## Work task
Your job is to return each record exactly, minus any pictures.

═════ Information provided

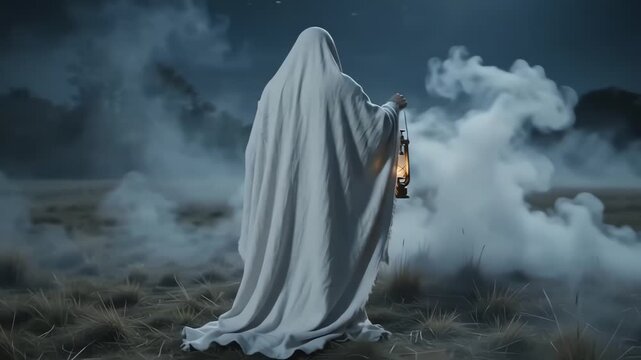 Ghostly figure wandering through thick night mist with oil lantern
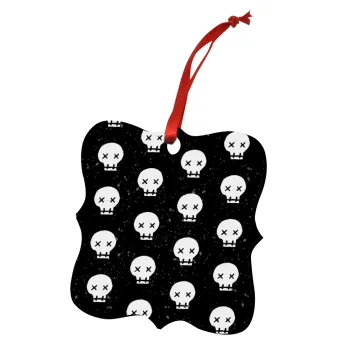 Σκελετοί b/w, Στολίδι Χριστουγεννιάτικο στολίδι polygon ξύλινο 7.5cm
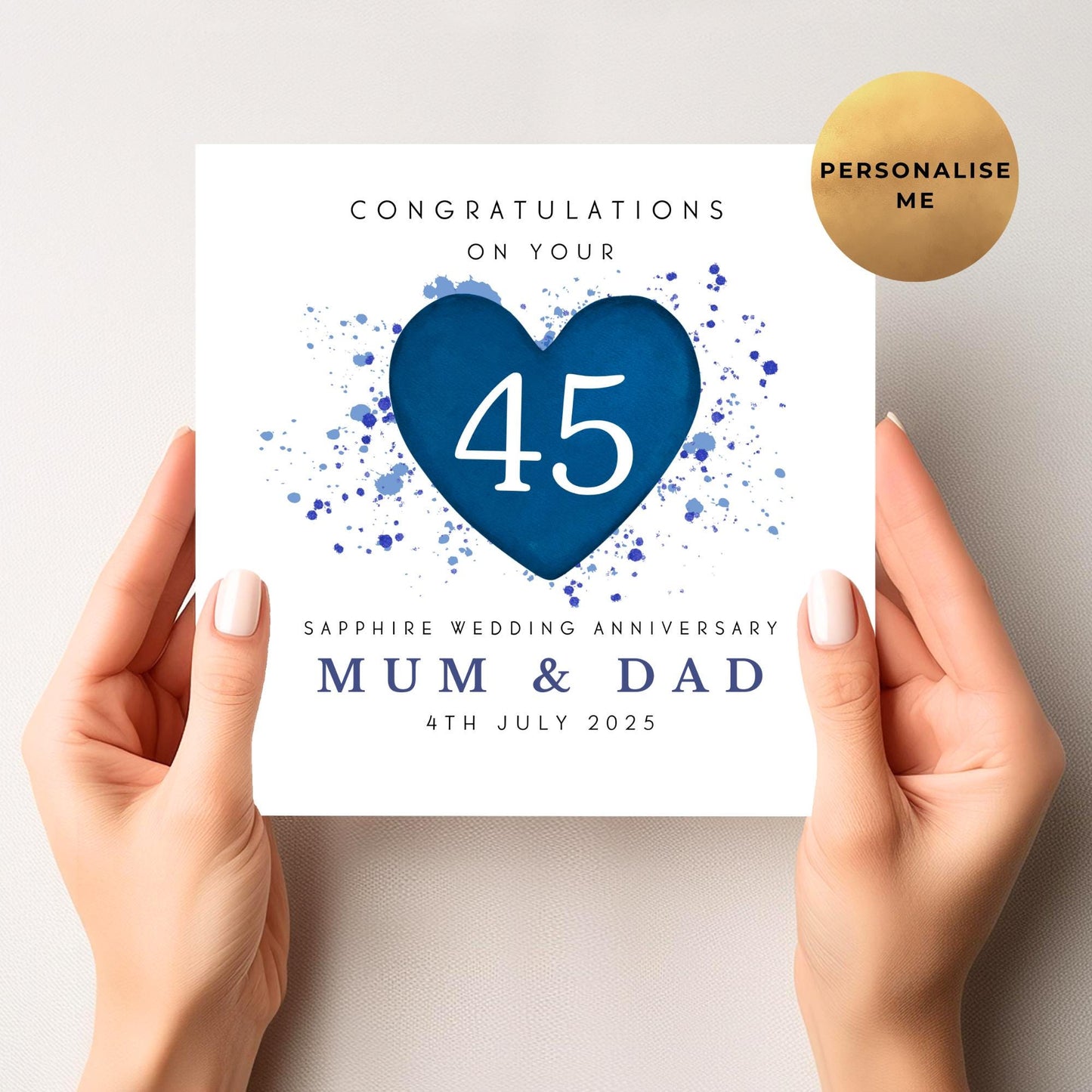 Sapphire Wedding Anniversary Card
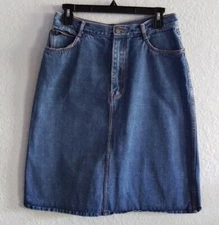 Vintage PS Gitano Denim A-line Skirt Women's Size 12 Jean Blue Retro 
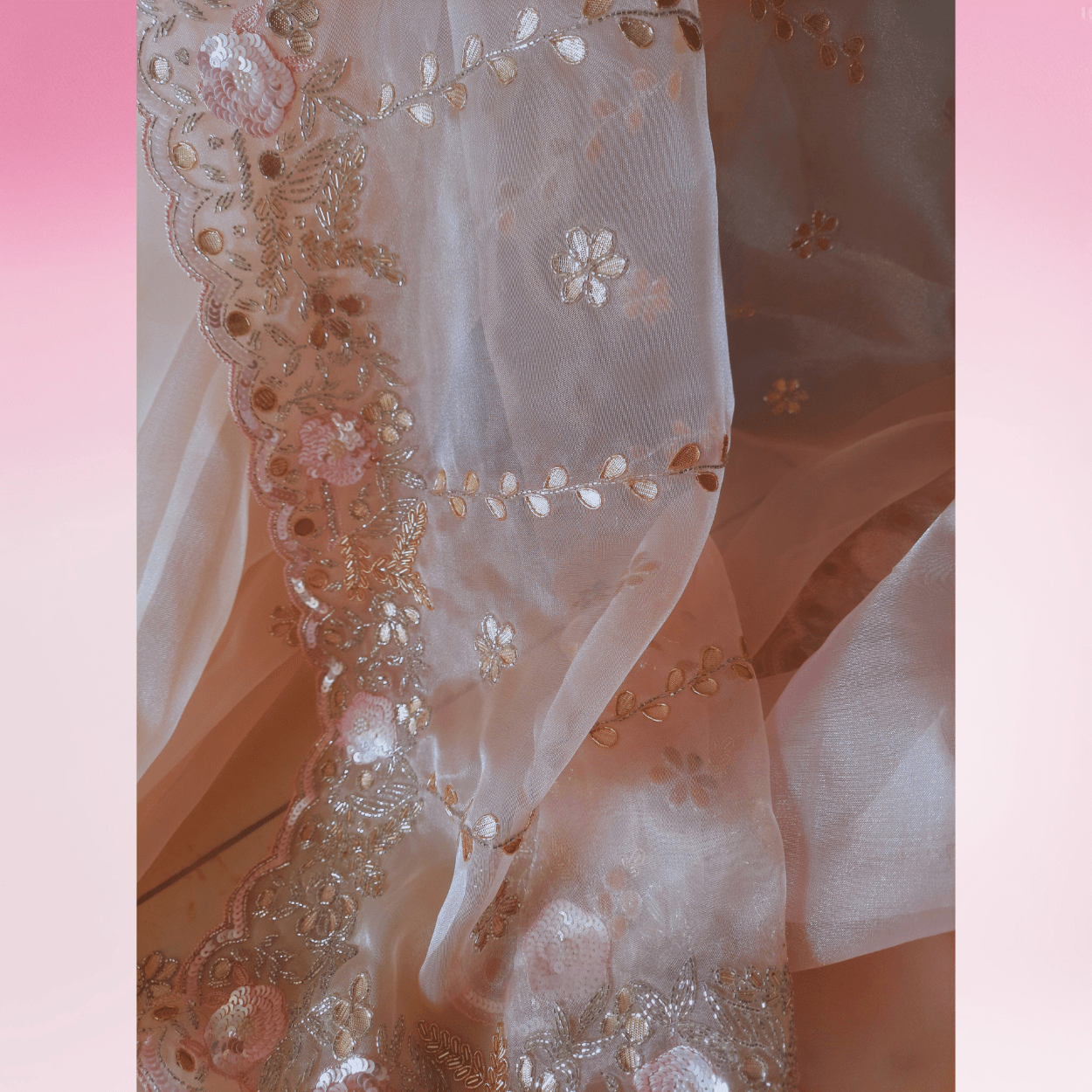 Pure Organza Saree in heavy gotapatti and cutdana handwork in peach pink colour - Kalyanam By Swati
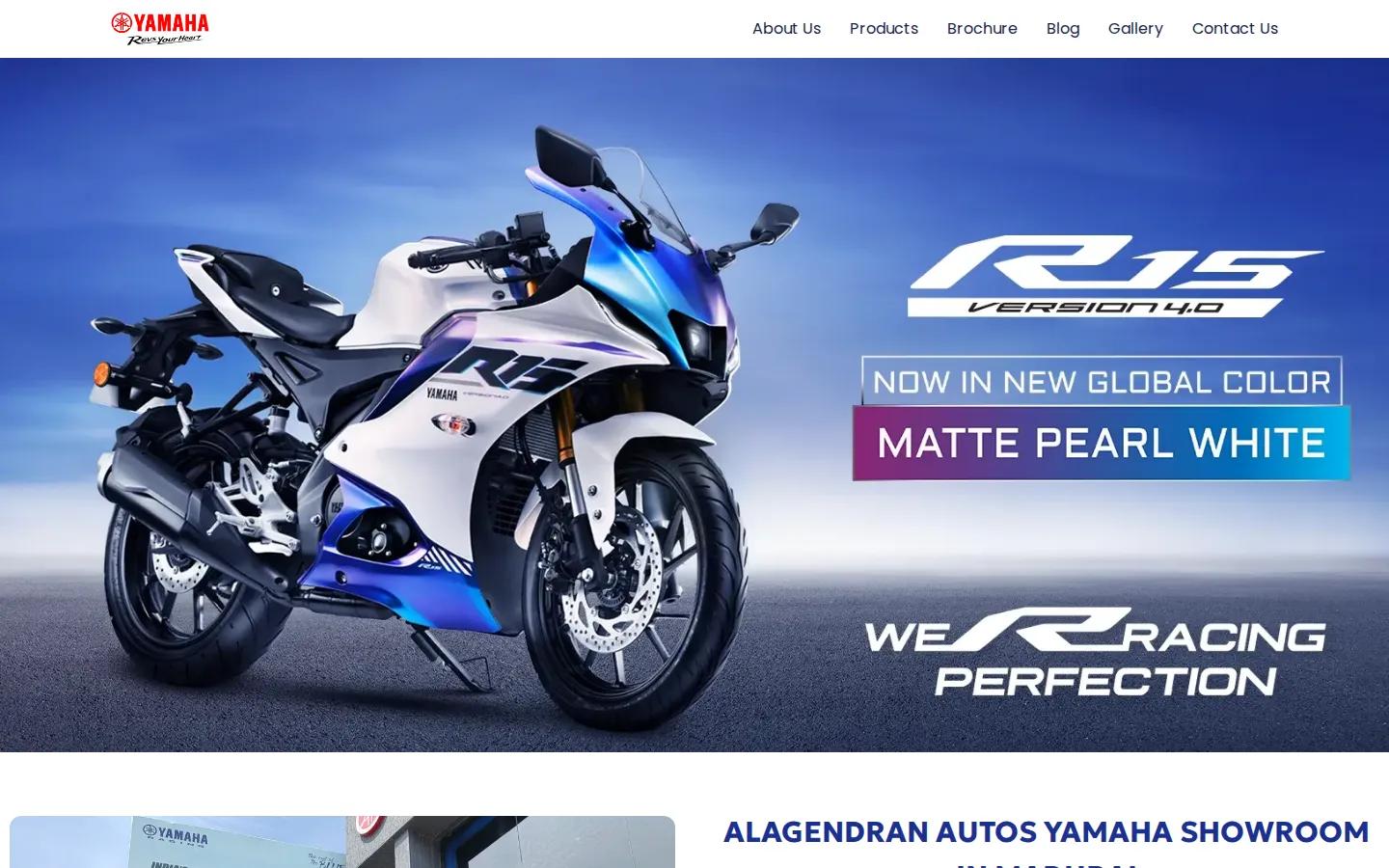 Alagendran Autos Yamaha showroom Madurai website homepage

══════════

## Written response
 Ghostly figure wandering through thick night mist with oil lantern
 Σκελετοί b/w, Στολίδι Χριστουγεννιάτικο στολίδι polygon ξύλινο 7.5cm
 Sapphire Wedding Anniversary Card
 Vintage PS Gitano Denim A-line Skirt Women's Size 12 Jean Blue Retro 
 Pure Organza Saree in heavy gotapatti and cutdana handwork in peach pink colour - Kalyanam By Swati
 Alagendran Autos Yamaha showroom Madurai website homepage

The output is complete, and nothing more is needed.